I did run a smaller case and as usual check-mpi does not give any errors. If I run on more than 100 cores It still runs well but I get a warning, coming from an external library that we use:

[1] WARNING: LOCAL:REQUEST:NOT_FREED: warning
[1] WARNING: The current number of requests in this process is 100.
[1] WARNING: This matches the CHECK-MAX-REQUESTS threshold
[1] WARNING: and may indicate that the application is not freeing or
[1] WARNING: completing all requests that it creates.
[1] WARNING: 1. 1 time:
[1] WARNING: MPI_Isend(*buf=0x35f82c0, count=4812, datatype=MPI_INT, dest=0, tag=1, comm=0xffffffff84000006 DUP COMM_WORLD [0:479], *request=0x309ce90)

and finally:

[0] INFO: LOCAL:REQUEST:NOT_FREED: found 1 time (0 errors + 1 warning), 0 reports were suppressed
[0] INFO: Found 1 problem (0 errors + 1 warning), 0 reports were suppressed.
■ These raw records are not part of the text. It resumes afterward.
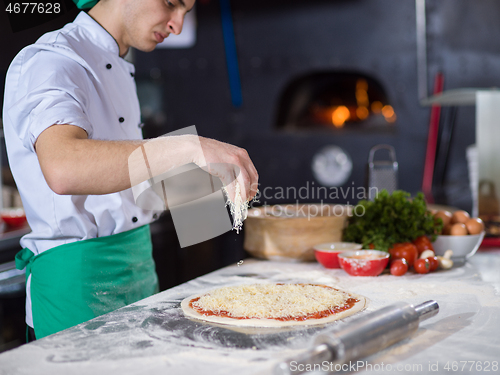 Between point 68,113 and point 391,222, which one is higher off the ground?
point 68,113

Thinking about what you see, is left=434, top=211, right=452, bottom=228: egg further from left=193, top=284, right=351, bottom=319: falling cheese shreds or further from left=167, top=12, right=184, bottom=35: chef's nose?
left=167, top=12, right=184, bottom=35: chef's nose

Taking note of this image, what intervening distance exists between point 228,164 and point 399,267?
695 millimetres

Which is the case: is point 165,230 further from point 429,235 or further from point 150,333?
point 150,333

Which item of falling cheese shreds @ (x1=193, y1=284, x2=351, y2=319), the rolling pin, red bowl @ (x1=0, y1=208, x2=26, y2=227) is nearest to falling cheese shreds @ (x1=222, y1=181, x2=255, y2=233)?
falling cheese shreds @ (x1=193, y1=284, x2=351, y2=319)

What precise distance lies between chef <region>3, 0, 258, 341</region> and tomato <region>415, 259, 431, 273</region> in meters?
0.65

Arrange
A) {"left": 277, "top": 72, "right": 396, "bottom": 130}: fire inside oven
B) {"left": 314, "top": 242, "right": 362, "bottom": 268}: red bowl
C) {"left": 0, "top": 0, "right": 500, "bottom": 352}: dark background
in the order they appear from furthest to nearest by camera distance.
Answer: {"left": 277, "top": 72, "right": 396, "bottom": 130}: fire inside oven → {"left": 0, "top": 0, "right": 500, "bottom": 352}: dark background → {"left": 314, "top": 242, "right": 362, "bottom": 268}: red bowl

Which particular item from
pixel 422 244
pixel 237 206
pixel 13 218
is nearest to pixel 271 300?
pixel 237 206

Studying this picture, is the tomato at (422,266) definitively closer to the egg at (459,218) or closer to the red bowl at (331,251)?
the red bowl at (331,251)

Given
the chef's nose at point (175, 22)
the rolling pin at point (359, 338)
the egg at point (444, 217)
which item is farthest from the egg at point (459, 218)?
the chef's nose at point (175, 22)

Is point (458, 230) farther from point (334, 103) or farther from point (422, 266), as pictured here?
point (334, 103)

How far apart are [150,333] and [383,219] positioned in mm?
927

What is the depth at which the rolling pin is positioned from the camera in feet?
2.62

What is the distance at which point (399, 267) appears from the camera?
1.53m

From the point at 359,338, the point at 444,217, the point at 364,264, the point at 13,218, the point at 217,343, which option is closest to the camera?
the point at 359,338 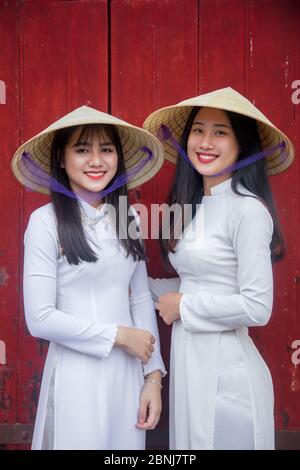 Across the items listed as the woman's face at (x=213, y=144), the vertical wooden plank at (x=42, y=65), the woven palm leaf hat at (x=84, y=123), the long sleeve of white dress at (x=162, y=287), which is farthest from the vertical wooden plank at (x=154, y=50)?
the long sleeve of white dress at (x=162, y=287)

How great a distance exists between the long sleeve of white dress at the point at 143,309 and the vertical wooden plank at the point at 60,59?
2.51 ft

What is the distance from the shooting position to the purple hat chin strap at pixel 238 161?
2158mm

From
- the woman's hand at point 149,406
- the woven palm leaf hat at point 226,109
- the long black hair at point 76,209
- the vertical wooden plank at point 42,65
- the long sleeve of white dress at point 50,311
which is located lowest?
the woman's hand at point 149,406

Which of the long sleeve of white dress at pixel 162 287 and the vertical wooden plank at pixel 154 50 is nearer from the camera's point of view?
the long sleeve of white dress at pixel 162 287

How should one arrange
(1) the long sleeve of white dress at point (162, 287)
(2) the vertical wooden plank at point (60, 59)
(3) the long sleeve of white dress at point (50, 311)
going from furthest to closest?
(2) the vertical wooden plank at point (60, 59)
(1) the long sleeve of white dress at point (162, 287)
(3) the long sleeve of white dress at point (50, 311)

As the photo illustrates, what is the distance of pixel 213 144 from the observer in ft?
7.03

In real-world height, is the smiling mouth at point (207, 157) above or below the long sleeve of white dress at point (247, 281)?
above

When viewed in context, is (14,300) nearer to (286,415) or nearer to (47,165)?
(47,165)

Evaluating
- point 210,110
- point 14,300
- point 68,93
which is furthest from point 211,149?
point 14,300

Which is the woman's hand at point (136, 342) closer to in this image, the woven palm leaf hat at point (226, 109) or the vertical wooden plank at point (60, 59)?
the woven palm leaf hat at point (226, 109)

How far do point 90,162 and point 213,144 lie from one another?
412mm

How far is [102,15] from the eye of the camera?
2619 mm

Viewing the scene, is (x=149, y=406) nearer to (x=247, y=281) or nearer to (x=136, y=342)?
(x=136, y=342)

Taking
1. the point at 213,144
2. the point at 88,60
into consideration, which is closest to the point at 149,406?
the point at 213,144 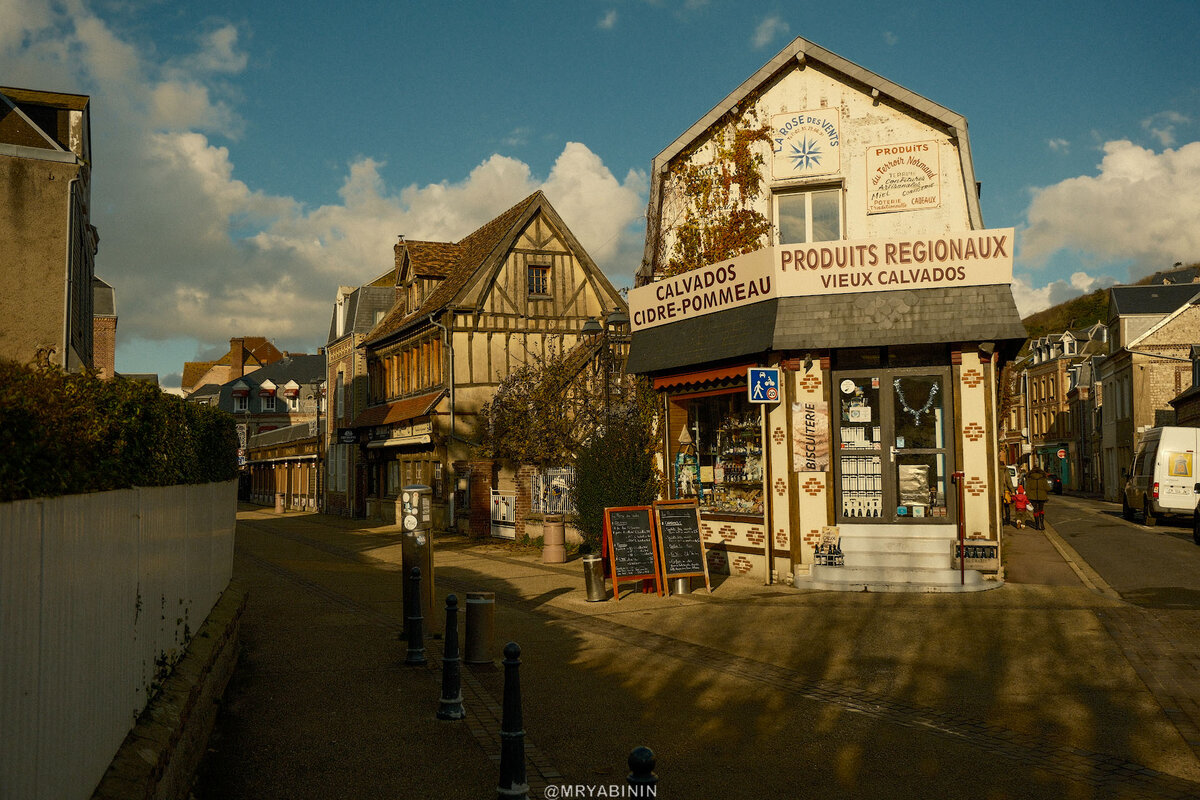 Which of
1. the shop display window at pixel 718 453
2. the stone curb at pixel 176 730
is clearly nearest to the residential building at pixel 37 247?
the stone curb at pixel 176 730

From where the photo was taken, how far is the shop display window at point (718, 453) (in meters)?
16.4

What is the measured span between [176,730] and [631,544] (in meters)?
8.98

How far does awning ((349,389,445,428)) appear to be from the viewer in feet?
96.4

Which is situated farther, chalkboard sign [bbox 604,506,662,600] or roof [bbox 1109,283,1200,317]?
roof [bbox 1109,283,1200,317]

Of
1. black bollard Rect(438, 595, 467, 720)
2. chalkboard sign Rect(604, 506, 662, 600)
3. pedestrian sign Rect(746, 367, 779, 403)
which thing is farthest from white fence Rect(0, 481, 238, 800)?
pedestrian sign Rect(746, 367, 779, 403)

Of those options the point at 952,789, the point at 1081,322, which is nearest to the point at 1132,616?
the point at 952,789

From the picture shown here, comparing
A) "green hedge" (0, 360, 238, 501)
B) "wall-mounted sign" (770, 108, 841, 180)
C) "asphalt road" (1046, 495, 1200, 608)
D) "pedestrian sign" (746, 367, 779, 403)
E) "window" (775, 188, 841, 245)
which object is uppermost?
"wall-mounted sign" (770, 108, 841, 180)

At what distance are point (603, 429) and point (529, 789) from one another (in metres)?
15.1

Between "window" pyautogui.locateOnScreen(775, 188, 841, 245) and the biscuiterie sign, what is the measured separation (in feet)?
2.74

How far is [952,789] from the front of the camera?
5.94 m

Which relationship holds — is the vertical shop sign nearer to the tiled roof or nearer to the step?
the step

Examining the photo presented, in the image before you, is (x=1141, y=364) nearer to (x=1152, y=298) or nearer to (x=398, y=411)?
(x=1152, y=298)

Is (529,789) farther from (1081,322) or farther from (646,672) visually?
(1081,322)

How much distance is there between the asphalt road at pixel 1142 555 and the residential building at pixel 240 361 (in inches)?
2476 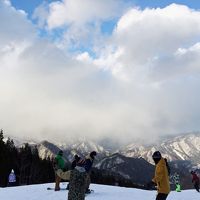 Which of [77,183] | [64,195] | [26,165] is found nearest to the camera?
[77,183]

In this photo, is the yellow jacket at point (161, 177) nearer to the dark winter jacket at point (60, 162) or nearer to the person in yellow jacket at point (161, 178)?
the person in yellow jacket at point (161, 178)

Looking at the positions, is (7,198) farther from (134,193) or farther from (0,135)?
(0,135)

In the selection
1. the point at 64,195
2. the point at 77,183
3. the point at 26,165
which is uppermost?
the point at 26,165

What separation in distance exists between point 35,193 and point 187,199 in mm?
9307

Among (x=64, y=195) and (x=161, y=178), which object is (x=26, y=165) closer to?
(x=64, y=195)

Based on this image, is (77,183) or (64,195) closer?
(77,183)

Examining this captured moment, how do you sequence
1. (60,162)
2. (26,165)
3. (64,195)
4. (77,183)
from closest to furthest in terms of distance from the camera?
(77,183), (64,195), (60,162), (26,165)

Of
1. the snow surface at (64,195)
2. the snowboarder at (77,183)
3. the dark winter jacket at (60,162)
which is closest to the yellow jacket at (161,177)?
the snowboarder at (77,183)

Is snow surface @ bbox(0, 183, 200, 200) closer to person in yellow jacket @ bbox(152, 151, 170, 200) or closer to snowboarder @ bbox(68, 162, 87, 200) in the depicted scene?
person in yellow jacket @ bbox(152, 151, 170, 200)

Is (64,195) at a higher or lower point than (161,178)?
lower

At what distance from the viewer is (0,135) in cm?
9488

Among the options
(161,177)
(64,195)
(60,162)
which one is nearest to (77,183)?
(161,177)

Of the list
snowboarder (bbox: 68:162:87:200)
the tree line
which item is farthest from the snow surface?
the tree line

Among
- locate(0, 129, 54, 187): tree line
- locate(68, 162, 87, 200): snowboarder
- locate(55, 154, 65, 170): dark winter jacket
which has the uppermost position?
locate(0, 129, 54, 187): tree line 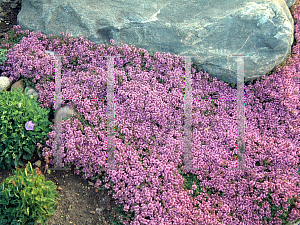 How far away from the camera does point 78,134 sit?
16.6ft

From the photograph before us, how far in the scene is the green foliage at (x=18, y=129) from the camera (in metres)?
4.70

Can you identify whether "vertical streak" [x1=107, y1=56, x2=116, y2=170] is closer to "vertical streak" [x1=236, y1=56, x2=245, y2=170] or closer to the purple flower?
the purple flower

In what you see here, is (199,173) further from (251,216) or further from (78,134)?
(78,134)

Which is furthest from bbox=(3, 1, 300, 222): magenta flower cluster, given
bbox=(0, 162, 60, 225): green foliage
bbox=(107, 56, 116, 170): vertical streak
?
bbox=(0, 162, 60, 225): green foliage

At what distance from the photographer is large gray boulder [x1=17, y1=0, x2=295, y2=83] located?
633 cm

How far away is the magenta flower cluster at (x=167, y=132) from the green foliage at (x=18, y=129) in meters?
0.31

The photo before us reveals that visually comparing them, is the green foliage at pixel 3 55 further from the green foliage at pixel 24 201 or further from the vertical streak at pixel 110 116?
the green foliage at pixel 24 201

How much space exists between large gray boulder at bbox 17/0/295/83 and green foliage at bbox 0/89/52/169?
2.40 meters

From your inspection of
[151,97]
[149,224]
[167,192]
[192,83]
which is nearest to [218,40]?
[192,83]

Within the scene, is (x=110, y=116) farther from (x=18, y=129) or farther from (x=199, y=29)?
(x=199, y=29)

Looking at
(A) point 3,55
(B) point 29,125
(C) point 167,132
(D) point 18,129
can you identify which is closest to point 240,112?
(C) point 167,132

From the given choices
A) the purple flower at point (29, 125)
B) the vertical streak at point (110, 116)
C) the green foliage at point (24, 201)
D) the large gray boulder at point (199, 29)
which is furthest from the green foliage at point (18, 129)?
the large gray boulder at point (199, 29)

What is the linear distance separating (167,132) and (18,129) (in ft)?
9.18

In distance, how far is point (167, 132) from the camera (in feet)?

Is this important or is it caused by the CHECK-MAX_REQUEST setting? (how to specify this?)

The IBM-MPI1 benchmarks (2021.7) runs well. On 24 cores it takes 129 s (psm3) , 138 s (mlx), 137 s (verbs) on 48 cores it takes 390 s (psm3), 349 s (mlx), 361 s (verbs) and on 96 cores it takes 944 s (psm3), 807 s (mlx), 755 s (verbs).

best regards

Jaap

TobiasK · ‎02-01-2024

@Jaapw

If this is expected or not, you have to clarify with the vendor of the external library, I would be suspicious at least.